Top of STUDY MATERIAL

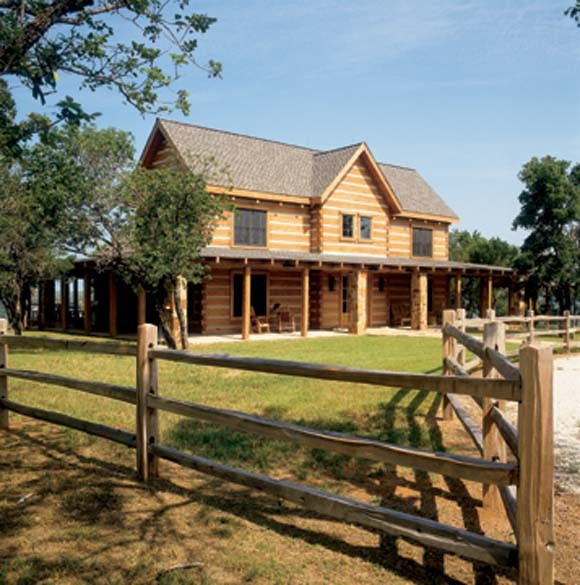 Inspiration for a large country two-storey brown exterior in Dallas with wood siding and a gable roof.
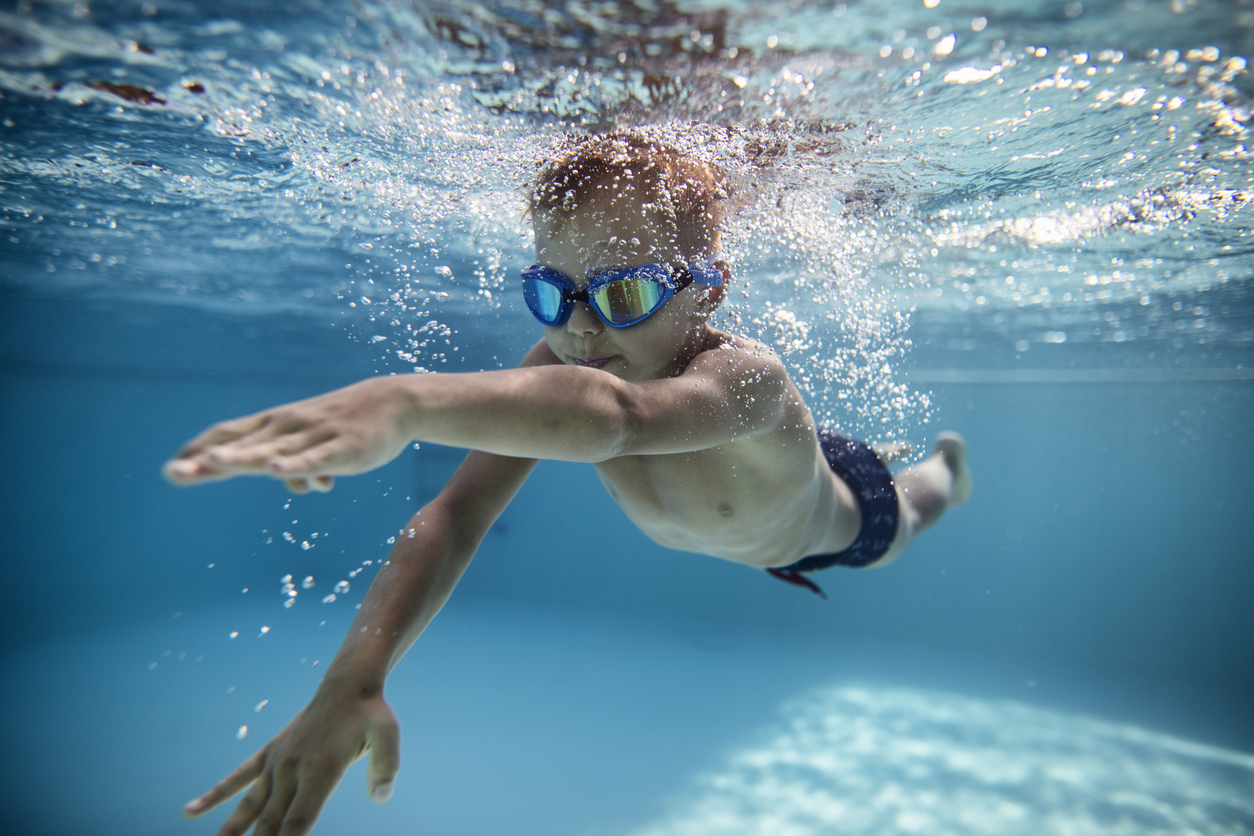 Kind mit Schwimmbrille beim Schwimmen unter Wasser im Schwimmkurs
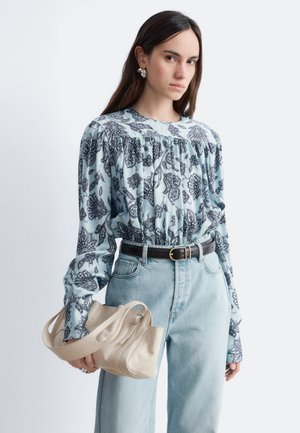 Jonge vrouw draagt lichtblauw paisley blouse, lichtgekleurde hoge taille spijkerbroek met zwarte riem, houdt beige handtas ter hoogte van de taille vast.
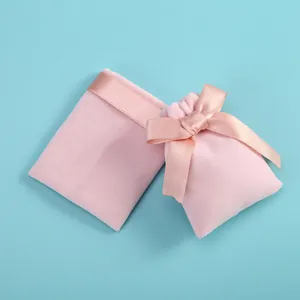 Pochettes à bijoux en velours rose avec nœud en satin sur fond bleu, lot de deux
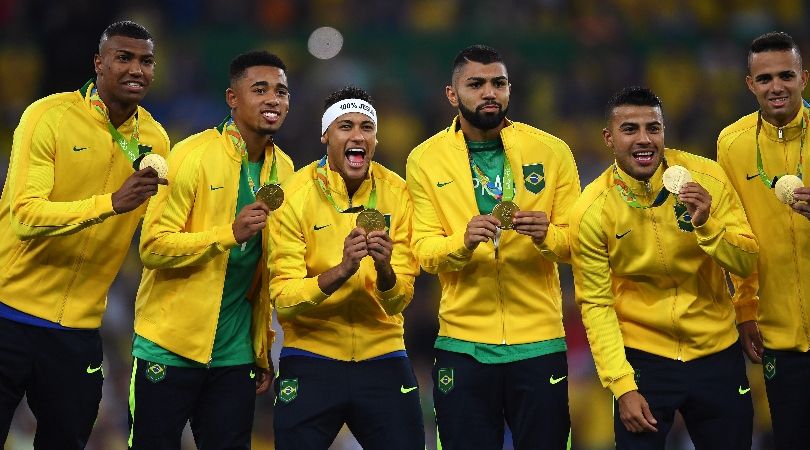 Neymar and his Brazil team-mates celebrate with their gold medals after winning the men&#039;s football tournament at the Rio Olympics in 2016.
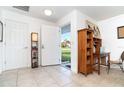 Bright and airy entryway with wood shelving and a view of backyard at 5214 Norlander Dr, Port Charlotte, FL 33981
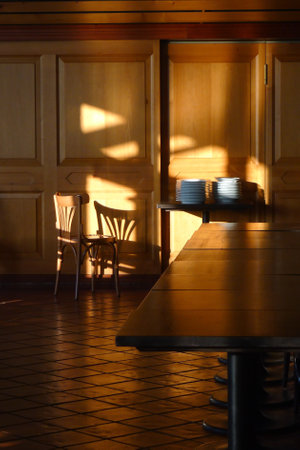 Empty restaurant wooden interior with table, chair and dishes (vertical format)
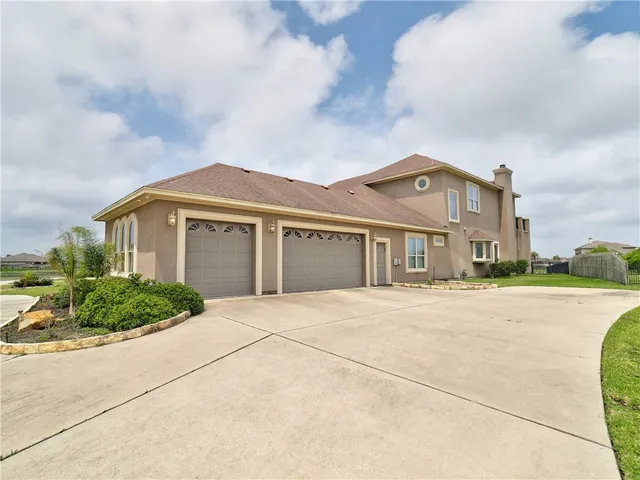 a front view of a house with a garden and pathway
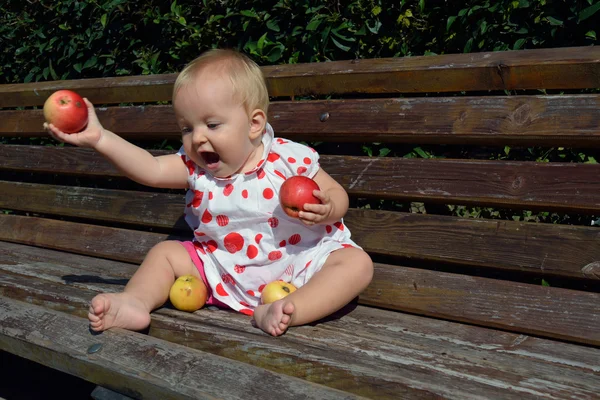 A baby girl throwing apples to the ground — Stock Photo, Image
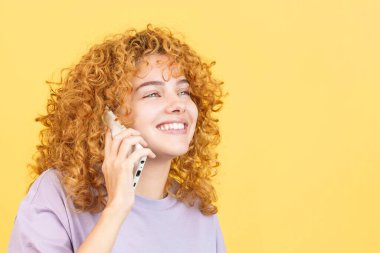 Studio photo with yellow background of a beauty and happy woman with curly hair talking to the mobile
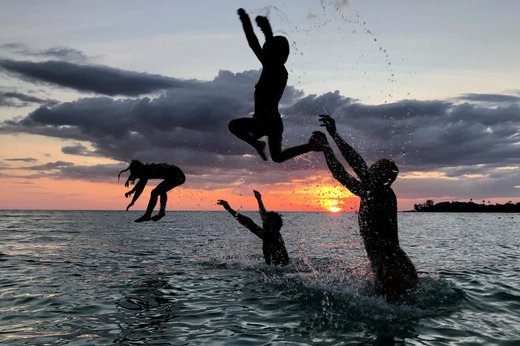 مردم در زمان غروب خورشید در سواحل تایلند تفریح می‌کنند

Bottom of STUDY MATERIAL
Top of STUDY MATERIAL

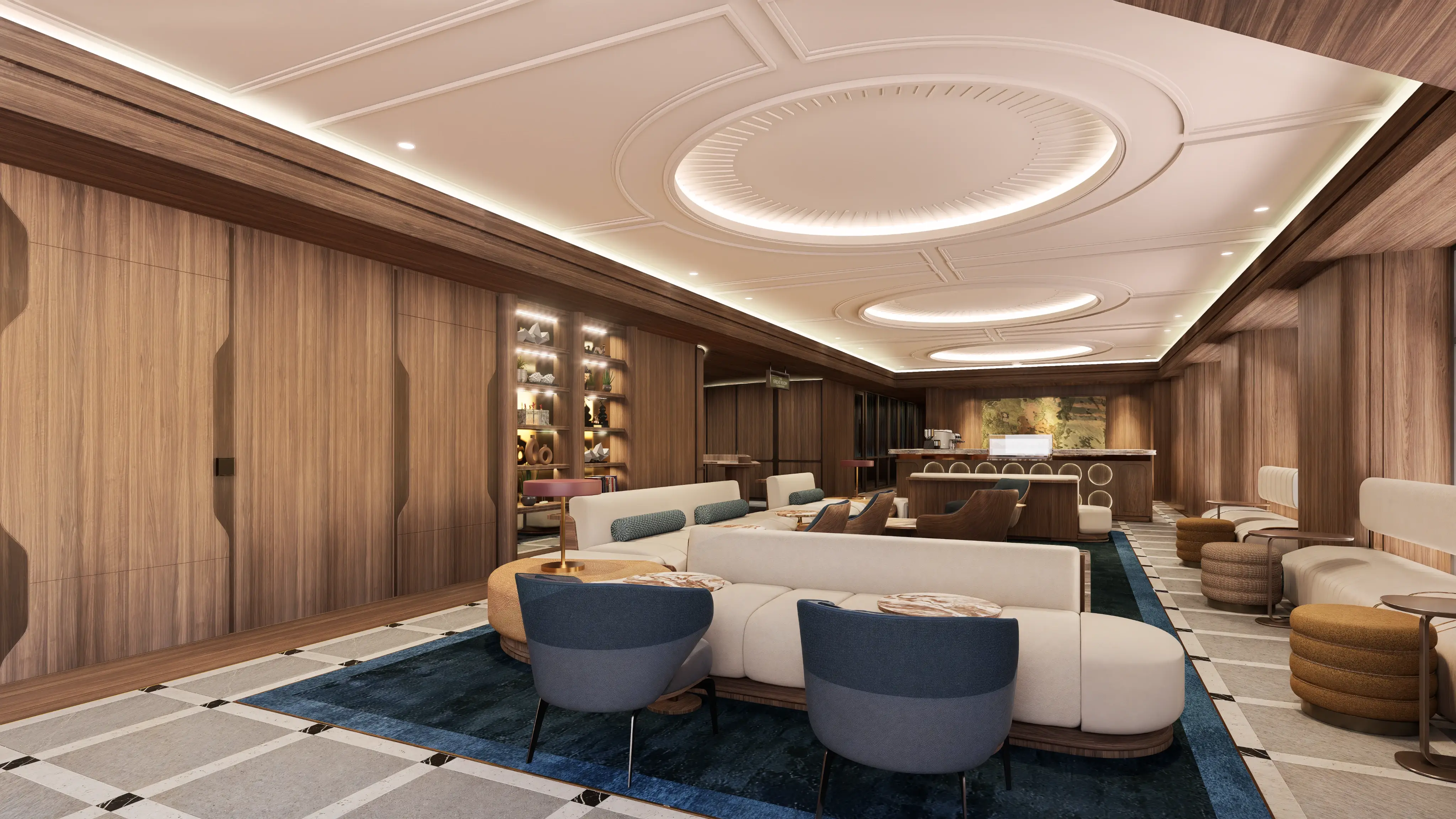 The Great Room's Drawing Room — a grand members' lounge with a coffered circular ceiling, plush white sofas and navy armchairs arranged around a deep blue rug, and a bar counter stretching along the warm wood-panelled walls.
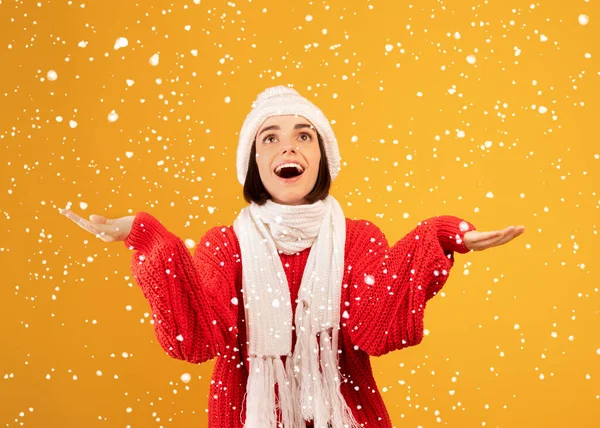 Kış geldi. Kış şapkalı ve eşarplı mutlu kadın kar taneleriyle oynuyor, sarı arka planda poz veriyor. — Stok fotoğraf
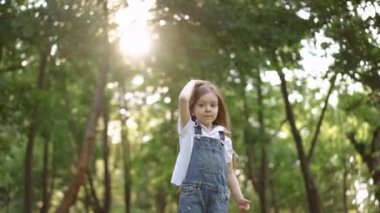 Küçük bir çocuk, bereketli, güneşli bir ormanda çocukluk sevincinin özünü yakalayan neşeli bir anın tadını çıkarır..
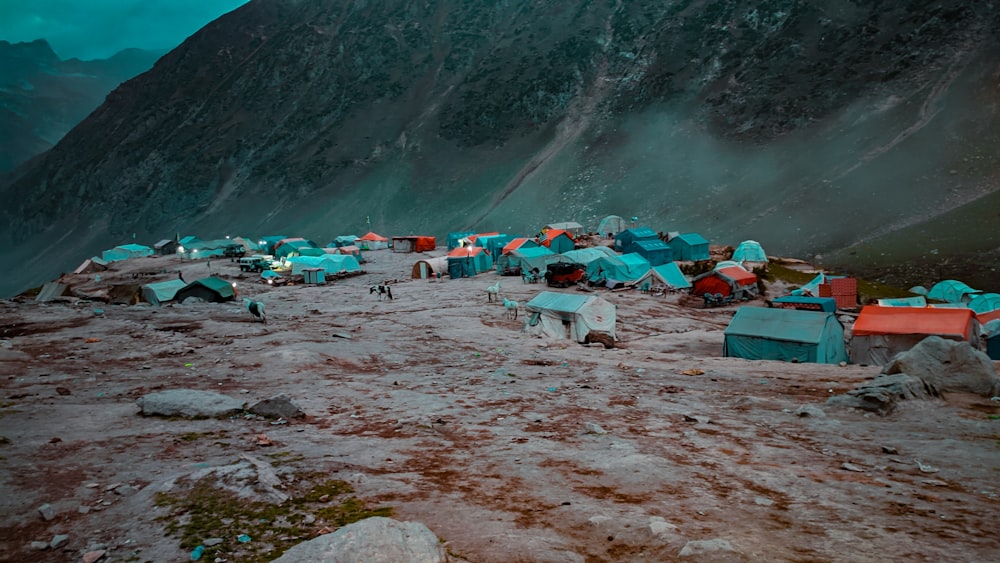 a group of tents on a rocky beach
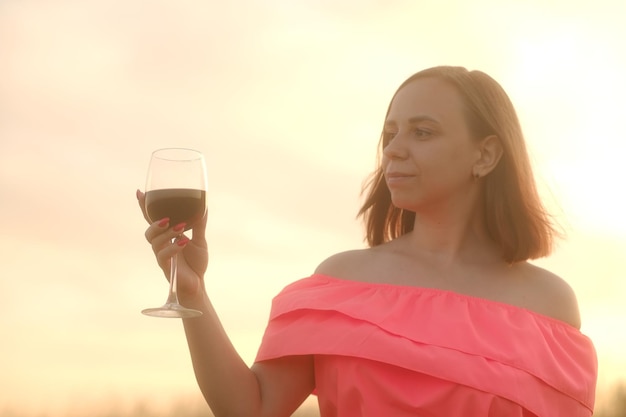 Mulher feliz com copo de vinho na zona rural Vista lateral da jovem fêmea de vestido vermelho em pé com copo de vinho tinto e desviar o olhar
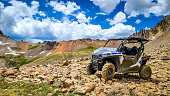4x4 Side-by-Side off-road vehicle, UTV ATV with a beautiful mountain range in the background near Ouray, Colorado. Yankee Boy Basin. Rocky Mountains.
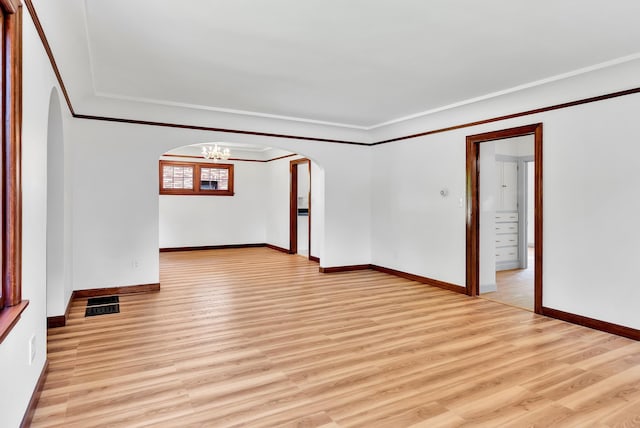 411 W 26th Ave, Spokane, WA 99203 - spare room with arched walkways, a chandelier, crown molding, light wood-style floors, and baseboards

Bottom of STUDY MATERIAL

TASK TO CARRY OUT ▸ Here the job is to copy the stretch of records from the line containing "Jonge vrouw draagt" through the line containing "a front view", word for word. Leave every picture out.

RESPONSE BOX ▸
 Jonge vrouw draagt lichtblauw paisley blouse, lichtgekleurde hoge taille spijkerbroek met zwarte riem, houdt beige handtas ter hoogte van de taille vast.
 Pochettes à bijoux en velours rose avec nœud en satin sur fond bleu, lot de deux
 Neymar and his Brazil team-mates celebrate with their gold medals after winning the men&#039;s football tournament at the Rio Olympics in 2016.
 Bright and airy entryway with wood shelving and a view of backyard at 5214 Norlander Dr, Port Charlotte, FL 33981
 Empty restaurant wooden interior with table, chair and dishes (vertical format)
 a front view of a house with a garden and pathway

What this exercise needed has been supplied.